Viren, Würmer, Trojaner – Cyberkriminalität hat viele Namen und Auswirkungen. In den letzten Monaten treibt jedoch ein besonders hinterlistiges Schadprogramm in Europa sein Unwesen: Ransomware (kürzlich auch im Microsoft Security Intelligence Report (SIRv15) beschrieben). Es handelt sich dabei um so genannte erpresserische Schädlinge, die Dateien, Ordner oder gleich die gesamte Festplatte sperren. Der Nutzer sieht nur noch einen Sperrbildschirm. Dort wird ihm eine cyberkriminelle Straftat vorgeworfen, z. B. der Download von Raubkopien, und ein Ultimatum gestellt: Erst wenn ein Lösegeld gezahlt wird, sollen die Daten wieder freigegeben werden.
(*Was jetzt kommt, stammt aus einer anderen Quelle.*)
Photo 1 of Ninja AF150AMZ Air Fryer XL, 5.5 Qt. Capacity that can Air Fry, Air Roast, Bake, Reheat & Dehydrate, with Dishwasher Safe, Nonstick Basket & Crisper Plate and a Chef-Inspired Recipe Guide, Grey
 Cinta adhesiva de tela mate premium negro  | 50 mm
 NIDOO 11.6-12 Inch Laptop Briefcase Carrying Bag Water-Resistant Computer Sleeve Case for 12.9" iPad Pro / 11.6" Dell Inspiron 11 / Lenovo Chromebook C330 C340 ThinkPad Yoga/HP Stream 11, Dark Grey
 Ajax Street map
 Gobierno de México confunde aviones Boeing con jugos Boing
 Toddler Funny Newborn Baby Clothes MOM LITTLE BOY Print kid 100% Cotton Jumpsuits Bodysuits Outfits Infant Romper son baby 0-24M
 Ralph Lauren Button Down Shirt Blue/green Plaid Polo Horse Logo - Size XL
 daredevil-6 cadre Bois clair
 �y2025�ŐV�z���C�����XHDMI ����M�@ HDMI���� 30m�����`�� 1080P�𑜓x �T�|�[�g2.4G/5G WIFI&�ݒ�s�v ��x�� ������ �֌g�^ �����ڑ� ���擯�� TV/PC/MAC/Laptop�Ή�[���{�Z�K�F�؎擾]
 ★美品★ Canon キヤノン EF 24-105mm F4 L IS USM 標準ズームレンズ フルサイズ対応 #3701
Die Malware präsentiert sich gut getarnt als Behörden-Webseite, etwa vom amerikanischen FBI oder der Metropolitan Police Service of London.
Einfangen können Sie sich den Schädling über Mail-Anhänge mit angeblichen Rechnungen, Mahnungen, Buchungsbestätigungen oder Paketzustellbenachrichtigungen, manipulierte Webseiten oder Links in Messenger- oder Chat-Nachrichten (zunehmend auch über Facebook-Nachrichten).

Um sich davor zu schützen, sollten Sie …
- … einen aktuellen Echtzeitvirenschutz installieren und verwenden. Einige Antivirus-Optionen sind auf der Security Partner-Webseite von Microsoft verfügbar. Arbeiten Sie mit Windows 8, ist Windows Defender als Echtzeitschutz bereits standardmäßig eingerichtet.
- … Ihre Software immer up-to-date halten. Dies schließt Software von Microsoft, Adobe, Oracle Java und andere mit ein. Schalten Sie bei Windows die automatische Update-Funktion ein.
- … nicht auf unbekannte Links klicken und keine Dateianhänge aus nicht vertrauenswürdigen Quellen öffnen.
- … regelmäßig eine Sicherung Ihrer wichtigen Dokumente durchführen, z. B. auf einem externen Medium oder über einen Cloud-Service wie SkyDrive. Schließen Sie das Backup-Medium nur für die Datensicherung an den Rechner an, damit der Schädling nicht auch die Backups verschlüsseln kann. Vor der Wiederherstellung der Dateien muss der PC von Schädlingen befreit werden.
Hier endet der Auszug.